A study reported that 43% cases of Japanese FMF were of the atypical type.3 Atypical FMF, unlike typical FMF, has the following features: clinical course of less than 12 h or more than 3 days, over 14 days in some cases, localized abdominal signs, or atypical distribution of arthritis.1 Colchicine is also effective.3 The present case developed fever, lower abdominal and back pain because of serositis, and headache because of chronic meningitis. These symptoms improved only after the administration of colchicine.

The MEFV exon 10 mutations, the low frequency of high‐penetrance in the FMF population, are a cornerstone for dividing into 2 phenotypes.1, 3 Some of the FMF patients without exon 10 and with especially exon 3 mutations presented with an atypical FMF symptoms.3 Our patient, however, had heterozygous mutations on exon2 and 5 (E148Q/S503C) of the MEFV gene. The E148Q mutation, the high frequency of low‐penetrance mutation, found frequently in Japanese patients.3, 4 This mutation, including heterozygous mutation, attributes to manifestation of FMF symptoms2, 3; meanwhile, the genetic role of S503C mutation is not known.1, 3 These mutations are detected only in atypical FMF.3 Therefore, we considered he had the phenotypic and genotypic features of an atypical FMF.

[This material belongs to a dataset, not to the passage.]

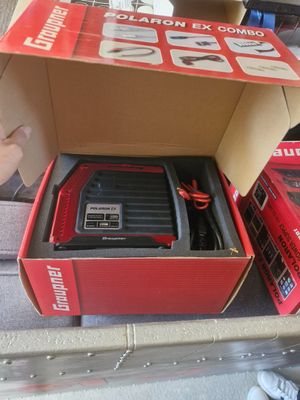 a box with a battery in it and a box with a charger inside of it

Recurrence of aseptic meningitis, including Mollaret's meningitis, is suggested as a complication of typical FMF.4 In contrast, based on the present case, we indicate a hypothesis that chronic aseptic meningitis may be a complication of atypical FMF. It was recognized that no cause determined in one‐third of chronic and recurrent aseptic meningitis cases.5 Therefore, atypical FMF may be an underdiagnosed cause of chronic aseptic meningitis, but typical FMF may a cause be of recurrent aseptic meningitis.

In summary, we report an atypical case of FMF accompanied with chronic aseptic meningitis showing a good response to colchicine. Clinicians should consider the possibility of atypical FMF, as well as typical FMF, in the differential diagnosis of agnogenic aseptic meningitis.

Conflict of interest: The authors report no conflict of interest.